Le témoignage de Sylvain Russo
Sylvain Russo est notre journaliste spécialiste de la perche et du sandre
« Je suis issu de la vieille école, celle qui a commencé à pêcher au vif avant d’adopter le manié et la cuiller comme techniques complémentaires. Il y a une trentaine d’années, personne ne se posait de question et il était courant de partir pêcher aux appâts naturels et au leurre en même temps, afin de maximiser ses chances d’avoir une prise.

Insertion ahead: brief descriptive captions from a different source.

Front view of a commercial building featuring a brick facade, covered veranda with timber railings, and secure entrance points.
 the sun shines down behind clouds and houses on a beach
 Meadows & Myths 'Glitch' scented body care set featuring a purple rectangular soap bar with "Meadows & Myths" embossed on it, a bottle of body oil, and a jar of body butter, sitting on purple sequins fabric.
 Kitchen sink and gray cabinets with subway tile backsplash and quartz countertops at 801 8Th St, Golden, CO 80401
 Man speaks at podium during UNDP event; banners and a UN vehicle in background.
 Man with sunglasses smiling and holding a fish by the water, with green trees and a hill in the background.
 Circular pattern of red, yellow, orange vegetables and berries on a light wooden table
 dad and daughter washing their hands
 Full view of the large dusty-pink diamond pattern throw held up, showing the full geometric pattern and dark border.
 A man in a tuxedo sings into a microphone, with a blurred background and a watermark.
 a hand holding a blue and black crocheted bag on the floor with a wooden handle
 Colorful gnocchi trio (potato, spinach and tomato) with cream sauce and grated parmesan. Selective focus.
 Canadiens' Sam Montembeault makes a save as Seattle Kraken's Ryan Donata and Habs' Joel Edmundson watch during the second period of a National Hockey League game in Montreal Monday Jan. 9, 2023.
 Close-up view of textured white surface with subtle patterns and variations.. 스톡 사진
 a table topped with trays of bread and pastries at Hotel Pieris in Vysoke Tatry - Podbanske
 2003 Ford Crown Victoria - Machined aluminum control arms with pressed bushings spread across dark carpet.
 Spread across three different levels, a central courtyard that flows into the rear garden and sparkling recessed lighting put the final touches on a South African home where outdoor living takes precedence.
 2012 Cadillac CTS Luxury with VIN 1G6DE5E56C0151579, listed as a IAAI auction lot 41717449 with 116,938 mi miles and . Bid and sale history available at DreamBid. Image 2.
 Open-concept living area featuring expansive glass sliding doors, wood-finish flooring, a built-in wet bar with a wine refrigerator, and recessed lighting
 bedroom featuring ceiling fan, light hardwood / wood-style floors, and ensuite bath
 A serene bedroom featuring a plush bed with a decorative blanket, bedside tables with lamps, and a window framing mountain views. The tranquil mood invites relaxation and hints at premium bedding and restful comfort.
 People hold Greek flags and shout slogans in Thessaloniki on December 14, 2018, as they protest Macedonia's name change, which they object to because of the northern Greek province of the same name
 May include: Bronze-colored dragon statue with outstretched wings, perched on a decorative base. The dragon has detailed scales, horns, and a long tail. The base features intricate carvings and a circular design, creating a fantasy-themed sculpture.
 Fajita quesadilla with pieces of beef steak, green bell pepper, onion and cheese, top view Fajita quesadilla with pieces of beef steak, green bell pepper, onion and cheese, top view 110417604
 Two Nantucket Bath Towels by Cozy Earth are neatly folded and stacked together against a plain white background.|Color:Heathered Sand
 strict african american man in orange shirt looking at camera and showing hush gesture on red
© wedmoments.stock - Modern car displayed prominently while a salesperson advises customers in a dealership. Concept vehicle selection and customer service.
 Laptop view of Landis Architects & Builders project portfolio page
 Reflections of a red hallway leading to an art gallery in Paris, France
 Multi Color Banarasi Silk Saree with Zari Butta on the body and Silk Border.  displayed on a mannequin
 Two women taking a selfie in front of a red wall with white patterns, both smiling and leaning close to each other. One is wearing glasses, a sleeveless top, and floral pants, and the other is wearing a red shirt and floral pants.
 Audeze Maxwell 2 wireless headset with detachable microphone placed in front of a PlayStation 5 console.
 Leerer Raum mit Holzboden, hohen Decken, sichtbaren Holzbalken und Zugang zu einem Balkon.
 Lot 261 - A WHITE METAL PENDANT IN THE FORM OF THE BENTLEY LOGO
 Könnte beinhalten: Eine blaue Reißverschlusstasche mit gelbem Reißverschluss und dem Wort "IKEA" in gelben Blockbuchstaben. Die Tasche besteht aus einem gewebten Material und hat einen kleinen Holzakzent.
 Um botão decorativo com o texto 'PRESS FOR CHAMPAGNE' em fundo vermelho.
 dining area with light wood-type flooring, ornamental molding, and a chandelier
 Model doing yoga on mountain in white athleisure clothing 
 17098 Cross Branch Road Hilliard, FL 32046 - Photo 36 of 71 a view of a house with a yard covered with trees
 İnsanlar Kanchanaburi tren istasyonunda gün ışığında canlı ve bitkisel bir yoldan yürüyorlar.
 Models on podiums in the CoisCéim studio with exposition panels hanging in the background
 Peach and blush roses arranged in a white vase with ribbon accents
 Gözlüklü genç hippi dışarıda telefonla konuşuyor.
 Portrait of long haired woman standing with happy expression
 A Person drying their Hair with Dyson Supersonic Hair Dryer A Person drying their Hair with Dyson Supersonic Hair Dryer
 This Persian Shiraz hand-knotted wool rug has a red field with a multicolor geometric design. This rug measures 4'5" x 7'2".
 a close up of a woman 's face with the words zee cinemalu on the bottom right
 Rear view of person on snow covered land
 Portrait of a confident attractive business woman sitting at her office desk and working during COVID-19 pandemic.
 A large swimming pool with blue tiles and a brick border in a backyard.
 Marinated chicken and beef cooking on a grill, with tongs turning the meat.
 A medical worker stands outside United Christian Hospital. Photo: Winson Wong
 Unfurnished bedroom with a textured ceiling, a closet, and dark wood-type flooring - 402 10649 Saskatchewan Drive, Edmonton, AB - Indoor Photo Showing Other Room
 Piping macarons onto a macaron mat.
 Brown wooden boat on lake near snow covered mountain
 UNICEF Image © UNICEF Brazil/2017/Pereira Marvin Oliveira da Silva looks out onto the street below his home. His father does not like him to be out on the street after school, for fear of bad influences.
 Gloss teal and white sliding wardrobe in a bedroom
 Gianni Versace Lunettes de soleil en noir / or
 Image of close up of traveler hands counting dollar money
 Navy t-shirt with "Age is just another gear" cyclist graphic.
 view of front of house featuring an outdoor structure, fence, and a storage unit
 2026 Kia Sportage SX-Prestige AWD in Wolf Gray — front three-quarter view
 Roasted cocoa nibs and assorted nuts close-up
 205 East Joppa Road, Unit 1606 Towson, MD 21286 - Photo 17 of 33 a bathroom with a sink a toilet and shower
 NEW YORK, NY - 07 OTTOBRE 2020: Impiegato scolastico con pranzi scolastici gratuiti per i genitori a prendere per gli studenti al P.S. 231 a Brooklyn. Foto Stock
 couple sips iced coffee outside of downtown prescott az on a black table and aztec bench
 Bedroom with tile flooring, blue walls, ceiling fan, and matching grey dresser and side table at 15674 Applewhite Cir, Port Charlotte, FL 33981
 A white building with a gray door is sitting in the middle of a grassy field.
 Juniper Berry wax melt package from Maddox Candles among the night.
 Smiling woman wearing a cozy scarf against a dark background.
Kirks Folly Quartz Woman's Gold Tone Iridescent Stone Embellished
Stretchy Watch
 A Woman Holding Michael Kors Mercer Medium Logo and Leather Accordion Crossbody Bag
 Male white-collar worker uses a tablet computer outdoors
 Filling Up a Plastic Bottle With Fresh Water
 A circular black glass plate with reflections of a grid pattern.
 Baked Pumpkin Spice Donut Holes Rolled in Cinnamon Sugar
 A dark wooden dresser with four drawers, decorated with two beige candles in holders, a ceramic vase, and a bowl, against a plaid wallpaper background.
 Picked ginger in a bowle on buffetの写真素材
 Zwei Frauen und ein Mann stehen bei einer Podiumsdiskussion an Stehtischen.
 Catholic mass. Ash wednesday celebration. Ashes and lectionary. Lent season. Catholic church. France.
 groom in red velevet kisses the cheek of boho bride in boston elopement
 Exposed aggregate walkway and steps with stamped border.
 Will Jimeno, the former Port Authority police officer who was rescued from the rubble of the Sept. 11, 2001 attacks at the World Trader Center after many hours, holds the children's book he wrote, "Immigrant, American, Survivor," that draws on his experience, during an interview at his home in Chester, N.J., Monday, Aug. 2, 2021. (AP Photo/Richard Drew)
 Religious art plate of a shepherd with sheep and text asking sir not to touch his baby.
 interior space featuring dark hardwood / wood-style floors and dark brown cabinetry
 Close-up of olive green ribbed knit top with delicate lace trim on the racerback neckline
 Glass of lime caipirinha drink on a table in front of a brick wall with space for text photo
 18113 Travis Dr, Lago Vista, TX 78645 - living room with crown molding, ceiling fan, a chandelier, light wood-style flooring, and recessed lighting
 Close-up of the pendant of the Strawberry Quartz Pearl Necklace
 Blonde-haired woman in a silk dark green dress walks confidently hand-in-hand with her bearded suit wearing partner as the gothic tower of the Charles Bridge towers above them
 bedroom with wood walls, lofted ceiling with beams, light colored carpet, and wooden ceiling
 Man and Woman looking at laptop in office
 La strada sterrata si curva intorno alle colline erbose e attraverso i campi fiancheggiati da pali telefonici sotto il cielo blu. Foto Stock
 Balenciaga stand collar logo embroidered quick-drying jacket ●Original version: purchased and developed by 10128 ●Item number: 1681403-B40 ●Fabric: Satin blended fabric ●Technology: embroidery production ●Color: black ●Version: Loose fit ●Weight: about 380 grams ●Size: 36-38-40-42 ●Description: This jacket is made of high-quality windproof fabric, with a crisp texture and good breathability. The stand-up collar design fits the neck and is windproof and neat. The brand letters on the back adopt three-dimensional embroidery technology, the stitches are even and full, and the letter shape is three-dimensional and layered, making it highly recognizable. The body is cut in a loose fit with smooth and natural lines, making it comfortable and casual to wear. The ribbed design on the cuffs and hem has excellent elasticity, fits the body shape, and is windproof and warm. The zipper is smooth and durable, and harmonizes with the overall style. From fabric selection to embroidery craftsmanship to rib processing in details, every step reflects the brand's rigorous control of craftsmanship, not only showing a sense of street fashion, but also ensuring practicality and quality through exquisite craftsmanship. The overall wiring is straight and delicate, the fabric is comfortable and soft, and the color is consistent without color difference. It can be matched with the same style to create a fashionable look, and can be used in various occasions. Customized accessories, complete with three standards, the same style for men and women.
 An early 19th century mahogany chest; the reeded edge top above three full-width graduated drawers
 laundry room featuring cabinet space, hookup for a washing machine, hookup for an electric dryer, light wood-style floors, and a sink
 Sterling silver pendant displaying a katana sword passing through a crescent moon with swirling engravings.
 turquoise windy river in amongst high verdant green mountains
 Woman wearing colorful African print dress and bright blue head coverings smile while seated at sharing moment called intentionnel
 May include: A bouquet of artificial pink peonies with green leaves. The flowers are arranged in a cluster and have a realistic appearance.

Tout ceci a bien changé et il devient rare de voir un pêcheur de sandre en verticale embarquer quelques vifs pour pêcher au fire ball.
Un temps pour tout
L’efficacité des leurres est indéniable, mais pas en toutes circonstances ! Ils agissent sur l’instinct de prédation et celui de territorialité alors que l’appât naturel inclus d’autres stimuli qui se trouvent être le goût et l’appétit. Si le carnassier est en activité, ses sens seront pleinement éveillés et un leurre sera perçu comme une proie potentielle, mais s’il est au repos, il ne sera qu’une chose dérangeante qui va passer près de lui et lui fera quitter les lieux pour retrouver un peu de quiétude. Déclencher l’activité des poissons, notamment des perches, se pratique souvent à l’appât naturel. D’ailleurs lorsqu’on pêche avec un double drop shot esché d’un shad de 2 pouces et d’un ver de terre, les premières zébrées sont quasiment toutes prises sur le ver de terre. Avec le sandre, c’est souvent le contraire, les plus actifs commencent à mordre sur un leurre qui émet plus de vibrations puis on prendra les moins actifs au vif ou au ver. Une de mes dernières sorties avant la rédaction de cet article s’est faite sur les perches au double drop. Les résultats ont été nettement en faveur du ver de terre, qu’il soit esché sur l’hameçon supérieur ou inférieur, que le leurre souple soit badigeonné ou non d’attractant. J’ai noté environ 9 touches sur 10 sur le ver, et ceci même avec des vers morts, à la limite de la putréfaction. Même résultat avec une imitation très réaliste de ver de terre, le naturel l’emporte.
Une corde de plus
Les leurres permettent une prospection rapide et une identification des zones d’activité. On considère généralement qu’il faut commencer sa traque au leurre puis passer à l’appât naturel dès que la pêche devient plus difficile. La perche est un formidable exemple de comportement complexe, tout comme le sandre, il lui arrive de systématiquement refuser tous les leurres, mais aussi les appâts naturels, en étant quand même curieuse du moindre mouvement. Les perches chassent en meute et lorsque la curée est lancée, toutes se mettent instantanément en activité. Le jour où l’on comprendra ce qui déclenche cette phase, nous pourrons nous passer totalement des appâts naturels, mais pour l’heure, ils sont encore indispensables si l’on veut réussir sa sortie ».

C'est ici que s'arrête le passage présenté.